# Men's Hair Loss > Non Surgical Hair Replacement >  Lowest price but GOOD hair systems?  Need your opinions!

## BalderbytheMinute

Hey guys, so I am currently ordering my hair system from my stylist which is really expensive, like $650 per system.

Is there anyway to get the cost down to the point where I can order a hair system every month or two months?  I prefer to do this if possible... I know that Hair Direct is like $228/month or something for 12 hair pieces a year but is there an even lower priced option out there?  Cuz $228 is like a car payment!

----------


## yassineakermi

I will suggest you to go for this, because he is your stylist. he knows batter about your hair

----------


## grincher

If your stylist is prepared to cut in pieces from elsewhere then it is possible to order online and have a wider choice.

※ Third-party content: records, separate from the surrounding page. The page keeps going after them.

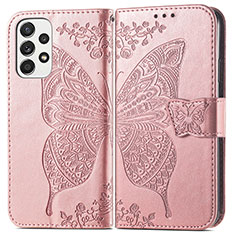 Funda de Cuero Cartera con Soporte Mariposa Carcasa para Samsung Galaxy A33 5G Rosa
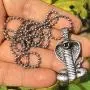 Snake Jewelry King Cobra Egyptian Uraeus Elapidae Naja haje Wadjet Serpent Viper Hidden-Wisdom Protection Amulet Pewter Mens Womens Pendant Necklace Charm for men women unisex w Silver Ball Chain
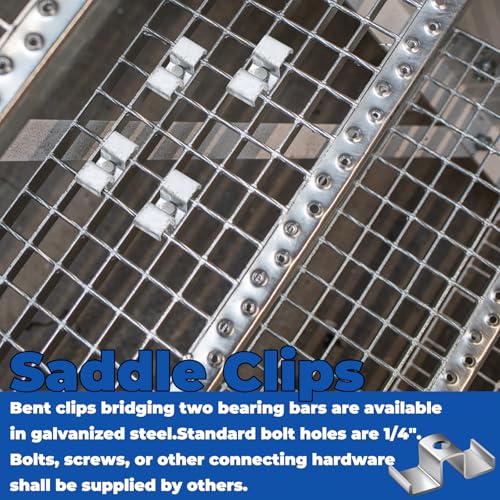 MorningRo 25 Pcs Grating Clip Saddle Clip Galvanized Carbon Steel for Screw Size 1/4 Inch for Industrial Flooring Drainage Systems Mezzanines Walkways Stair Treads (Silver)
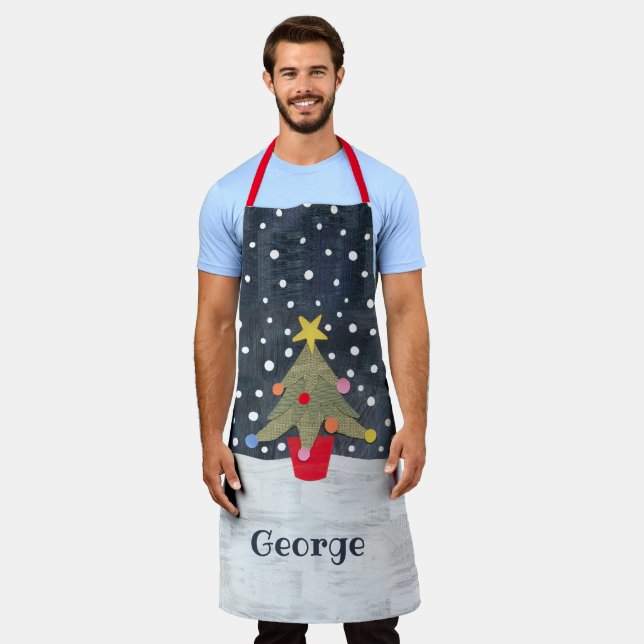 Personalized Cute Christmas Tree Apron (Worn)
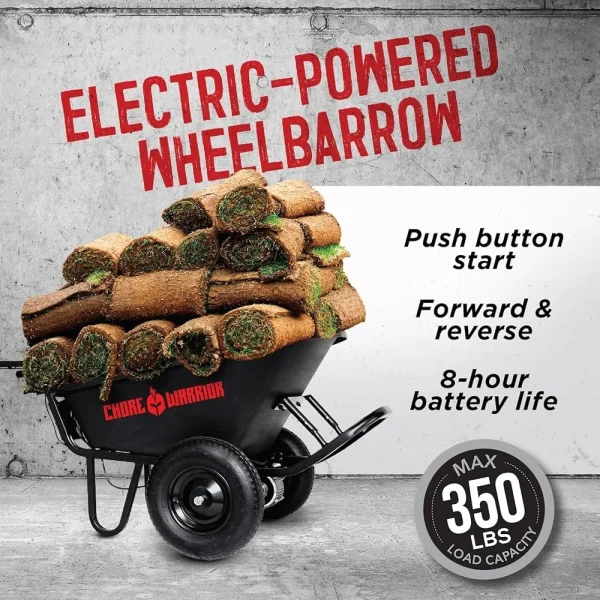 Electric Powered Wheelbarrow 24V Battery Operated 350lbs Capacity Heavy Duty Poly Tray 15 Inch Tires Durable Steel Frame - Image 3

The company I use have an option for monthly pieces for $200 a month, but you need to ask if they have other options as I don't think its widely advertised. 

You usually get 3 every quarter and four quarters a year so you always have spares for emergencies.

----------


## EdinLA

I dont believe you need a new unit a month. My stylist and other members agree that a unit could last you 3-4 months if its well maintained. With this said, my stylist does cut online units, but charges $200 for the cut and bond. Its an insurance price in case they damage the unit and need to replace it with one of their own.

----------


## Dfaru94

I've seen a British company advertise 6 systems a year for less money than that (equivalent in British money), so I don't know if you can find American companies doing the same.

I'm in agreement with EdinLA. I am very surprised that these companies are saying you need a new system every month. I'm not a system wearer yet, but that seems dishonest and a borderline con going on what I've seen elsewhere. I've seen people talking about having the same system last for 6 months or more before, occasionally even up to a year with the right maintenance. I personally know a guy in The UK who has a small local hair system salon, and his systems last his clients months.

----------


## grincher

There's no right or wrong way. At the extremes, I have spoken to a guy that has the same piece for 2 years and another than changes every month.

It all depends on what you are willing to spend, your care and lifestyle.

I use to be happy to get 14 months out of a lace piece, but now I will keep one no longer than 6-months so its always in peak condition. To me that's more important than saving a few hundred pounds. The decision is due to a job change making me much more high profile.

----------